The Catholic position was ably defended by Bishop Ackerman, who noted that this was the first time he had every been able to do so in any official context.  Drawing upon C.S. Lewis, Eric Mascall, and the Church Fathers (among others), he presented a view of the priesthood in Anglicanism as identical to that of the Church catholic.  Of note was his request that the use of such terms as “salvation issue,” “tertiary,” “secondary,” and “adiaphora” be avoided in the discussion.  One has to agree that these terms immediately color the dialogue with an air of one side being passionately engaged while the other is indifferent.  The use of such terms is at best to say the disagreements don’t matter, and at the worst – offensive.  Remarkably, Dr. LeMarquand agreed wholeheartedly with this assertion, as did many of the bishops who later spoke to the panel.

Dr. LeMarquand presented what could best be characterized as a defense for the ministry of women from the New Testament perspective.  Admittedly, the Catholic position takes no issue with many of the assertions made, for instance that women may occupy teaching roles, speak in church, etc.  The trouble is that the two sides are speaking remarkably difference languages when it comes to the nature of Holy Orders.  The missional position is essentially Wesleyan, asserting that ordination is merely an official recognition of ministry, while the Catholic position is that ordination confers an ontological mark upon the person, making him “a priest forever.” The trouble with the missional position, from my perspective is that it represents a break from classical Anglicanism as well as catholic practice.  The Caroline Divines, as well as the English Reformers saw no difference between Anglican Orders and the Orders of the Roman Church, albeit with often sharp contrasts in practice.

Indeed, nothing could be clearer than that the so-called "missional" theory of ordination is more Wesleyan than anything else, and as such, it stands in stark opposition to Anglican divinity on the nature of Anglican orders from the Reformers on down to the Caroline and Tractarian divines.  Much effort was expended by Anglican clergy and scholars, and successfully, to counter Pope Leo XIII's Bull of 1896, Apostolicae Curae, which argued essentially that Anglican orders had become Protestant orders.   Only a few decades after the publication of Apostolicae Curae, the Eastern Orthodox churches, which characteristically did not care one whit about Rome's judgment, conducted their own studies on the matter.  They essentially though not without qualification concluded that Anglican orders are valid, which meant that they believed them to be Catholic orders, and in some cases through the exercise of economia gave permission to their flock to receive sacraments from Anglican clergy. 

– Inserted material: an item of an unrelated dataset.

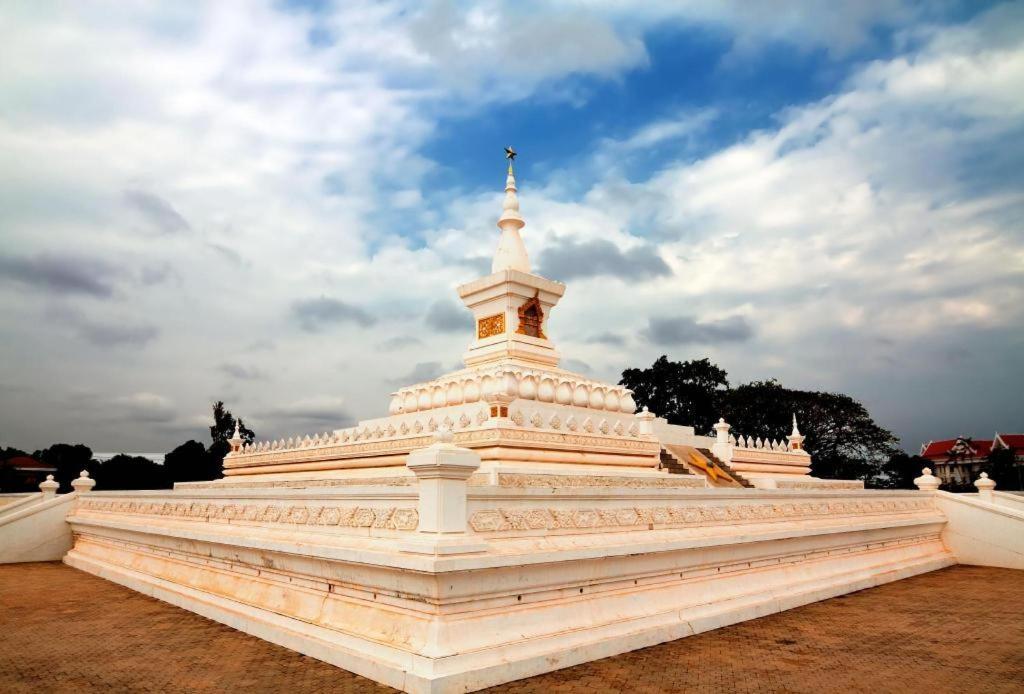 Le Luxe Boutique Hotel Vientiane Esterno foto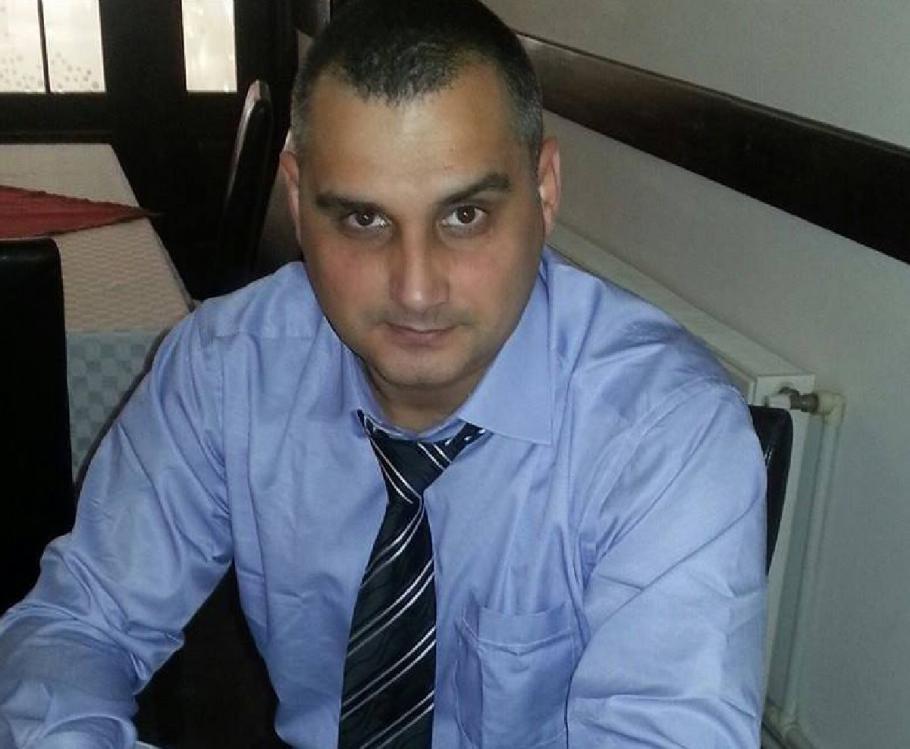 Dragoş Turcitu a murit la câteva ore de la externare, după ce a fost tratat de COVID-19 Dragoş Turcitu a murit la câteva ore de la externare, după ce a fost tratat de COVID-19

The point is, Anglican orders are Catholic orders.  Pope Leo couldn't disprove it (and some modern Roman Catholic bishops as much as admit that he didn't), and before things started going haywire in the Anglican Communion in the mid-20th century, Orthodoxy was on the verge of recognizing our orders as valid Catholic orders.  If there was any way in which Anglican orders were "missional" and therefore open to women, the Orthodox wouldn't have bothered.   It appears to me that William Witt in his series of articles, the first one of which was published in late 2013, is trying to construct a particular theological understanding of Anglican orders that, unlike the "missional" view, both accounts for the Catholic nature of Anglican orders AND attempts to create a rationale for altering a 2,000 year old practice of ordaining males only.

Fr. Nelson concludes his article by stating that "there is a recognition that the issue cuts to the very heart of what ordained ministry is, and the bishops recognized that this question needs to be at the center of further discussions."  Unfortunately, ACNA did not put a moratorium on the ordination of women to the priesthood when it was formed back in 2009, and those dioceses that ordain women make this issue harder to resolve with every female they ordain to the priesthood.  Time's a'wastin'.